Chapter 6: Key Takeaways

  1. A neural network is function composition: linear transformations interleaved with nonlinear activations. Without nonlinear activation functions, any number of stacked linear layers collapses to a single linear transformation. The activation function is what gives the network its expressive power — the ability to represent nonlinear decision boundaries. This is the most fundamental fact about neural networks, and every design decision in deep learning flows from it.

  2. Backpropagation is the chain rule applied to a computational graph. The forward pass records a sequence of differentiable operations. The backward pass traverses this graph in reverse, multiplying local Jacobians at each node.

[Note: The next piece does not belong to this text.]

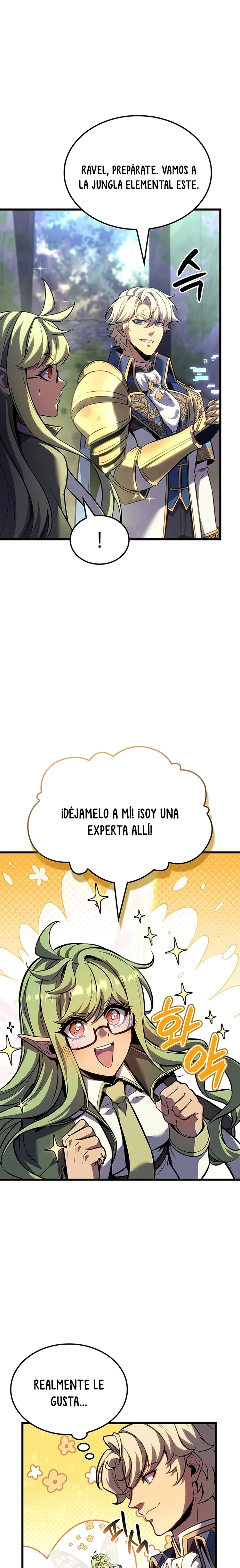 DE JUGADOR A NPC LEGENDARIO Capítulo 160 - Page 13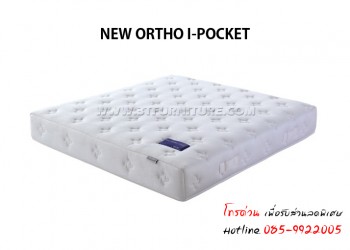 ที่นอนTheraflex รุ่น NEW ORTHO I-POCKET 6 ฟุต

This is not a learning algorithm — it is a gradient computation algorithm. Learning happens when an optimizer (SGD, Adam, or another method) uses these gradients to update parameters. The chain rule has not changed since Leibniz; the insight of backpropagation is its systematic application to neural network graphs.

  3. Activation functions determine gradient flow and failure modes. Sigmoid saturates at both tails (maximum gradient 0.25), causing vanishing gradients in deep networks. ReLU avoids saturation for positive inputs but kills neurons for negative inputs (gradient exactly zero). GELU and Swish provide smooth, non-zero gradients everywhere, mitigating both problems. The choice of activation function is a choice about how gradients propagate — and therefore about which layers can learn.

  4. Weight initialization determines whether learning can begin. Random initialization with the wrong variance causes activations to either vanish (too small) or explode (too large) across layers. He initialization ($\text{Var}(w) = 2/n_\text{in}$) maintains stable activation variance for ReLU networks; Xavier initialization ($\text{Var}(w) = 2/(n_\text{in} + n_\text{out})$) does the same for sigmoid and tanh. Correct initialization is not optional — it is the difference between a network that learns and one that does not.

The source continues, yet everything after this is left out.